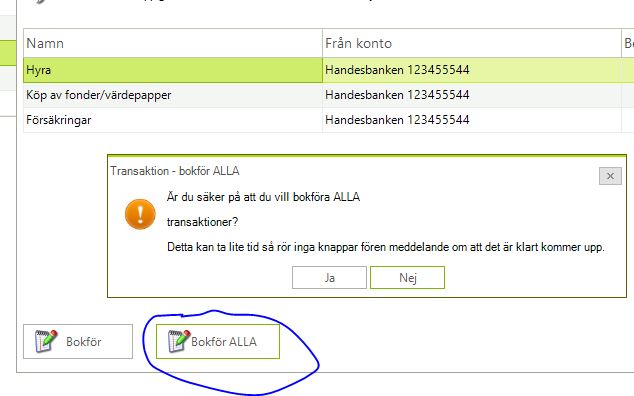 bokför alla i ett svep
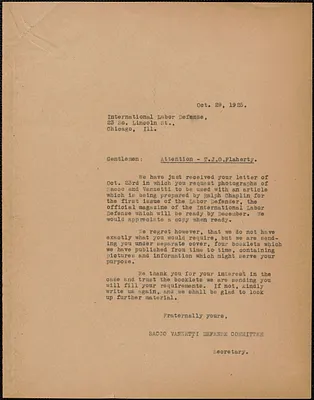 Sacco-Vanzetti Defense Committee typed letter (copy) to T. J. O'Flaherty (International Labor Defense), Boston, Mass., October 29, 1925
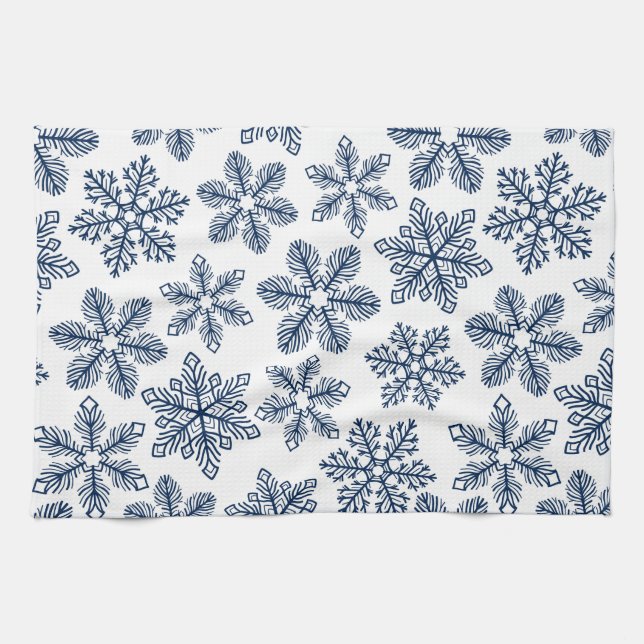 Blue snowflakes kitchen towel (Horizontal)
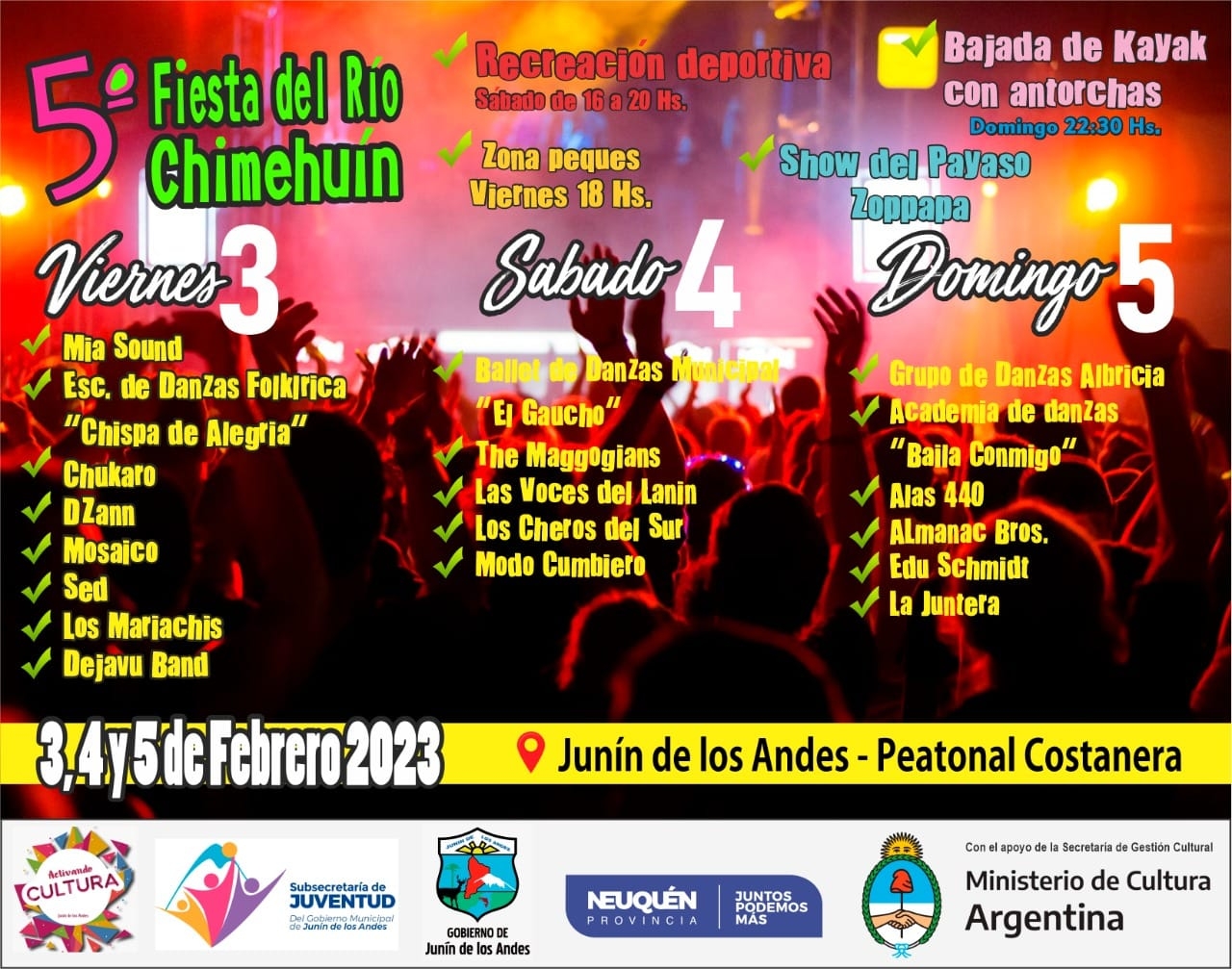 Grilla artística de la Fiesta Provincial del Río Chimehuín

|---|

▸ **Exercise**:
Make a word-for-word repeat of the material, skipping all pictures.

▸ **Task output**:
 bokför alla i ett svep
 Sacco-Vanzetti Defense Committee typed letter (copy) to T. J. O'Flaherty (International Labor Defense), Boston, Mass., October 29, 1925
 Blue snowflakes kitchen towel (Horizontal)
 Grilla artística de la Fiesta Provincial del Río Chimehuín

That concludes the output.